In the present age, Rabindranath Tagore represented the eternal soul of India. He manifested in himself, in the words of the Gita, “a fragment of the glory of the Divinity itself.’’
He himself wanted to be known primarily as a poet and a Singer of songs. But his was a personality of a most comprehensive type—it was a diamond with many faces. He was not only one of the greatest lyric poets of any age—there are some 200 and more songs composed by him, hundreds of which would be masterpieces in any language, but also he was a poet who gave expression to the entire gamut of human aspirations and experiences in the noblest form of narrative and reflective poetry. He was a short-story writer and novelist, to whom the life of our people, with its joys and sorrows and hopes and fears has opened itself out; and at the same time, he has, with wonderful introspective vision, been able to give most truthful and convincing pictures of the human mind.
Apart from these aspects of pure literature, Rabindranath was something more. He was an educationist who loved children and adolescents, and wanted to see the unfoldment of their mind and personality as a natural process, like the blooming of the bud into the flower. He was a creative artist not only in education but also in village uplift. He with a prophet’s eye envisaged long ago many of the lines of our present-day welfare endeavour which has been taken over by the State after our independence. The Sri Niketan Institution is ample testimony of that. He was in the forefront of our political struggle for freedom, and for that he also had to suffer; and it was his inspiration which was largely responsible for the enduring strength and the creative endeavour behind our national movement.

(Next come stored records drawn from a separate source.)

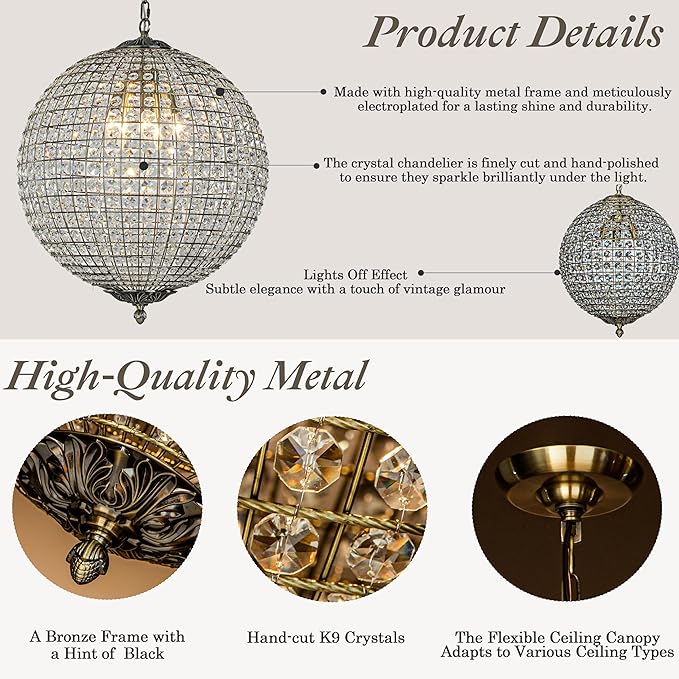 ALOADECOR 5-Light W20 in Vintage Crystal Sphere Chandelier in Antique Gold Modern Glam Globle Cage-Style Shade Pendant Light for Dining Room Living Room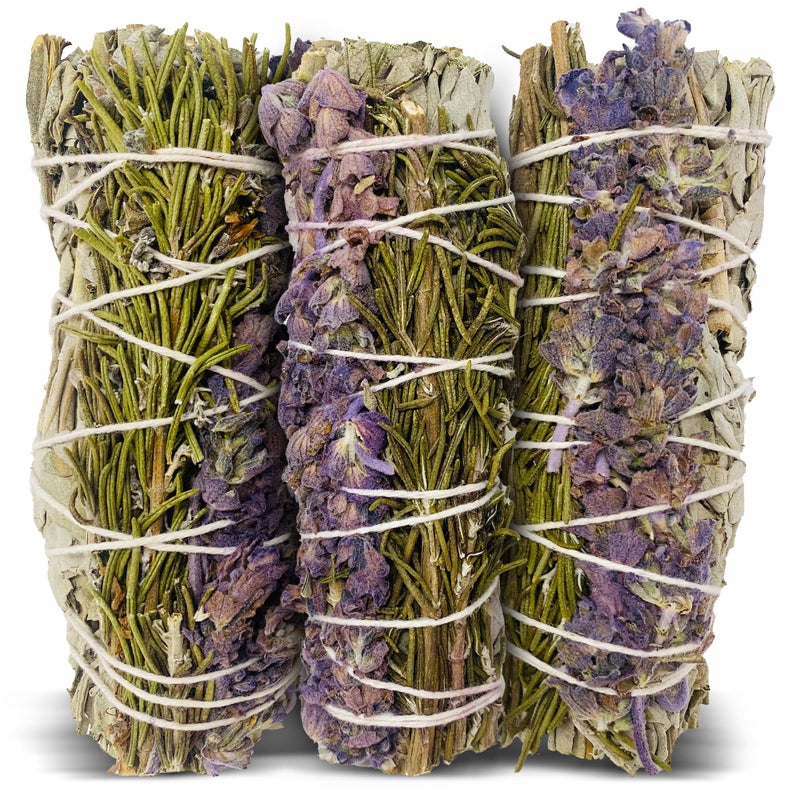 BHOLI SAGE PLUS Sage Smudge Kit for Cleansing Negative Energy, Home and Creating The Energy of Happiness Rosemary & Lavender Sage Smudge Sticks with White Sage Pack of 3 - Image 1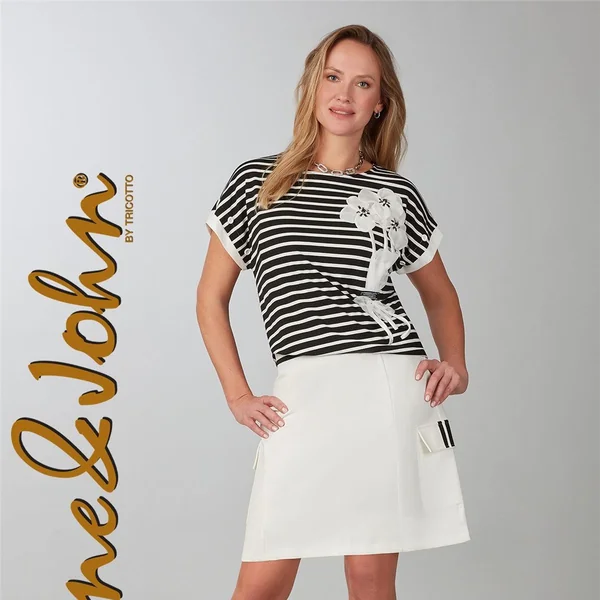 Jane&John by par Tricotto - Top ligné avec fleurs As Sample Noir et Blanc Medium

In the domain of the pure arts, for sheer joy, Rabindranath’s contribution to Indian Music, has been both extensive and profound, and he has to be ranged with the immortal composers like Tanasena and Tyagaraja. In the drama and in the revival of the dance in India, Rabindranath made significant and enduring contributions. He, towards the end of his life, developed a latent artistic tendency in his intellectual and aesthetic make-up, and we have as a result, Rabindranath the Painter—his paintings also have their message, in their colour and in their composition.
He has been a Lover of Man, and as such he has been a great Humanist who worked for the unity of mankind through culture and through the appreciation of the deeper things of life. This aspect of his personality endeared him most to people abroad.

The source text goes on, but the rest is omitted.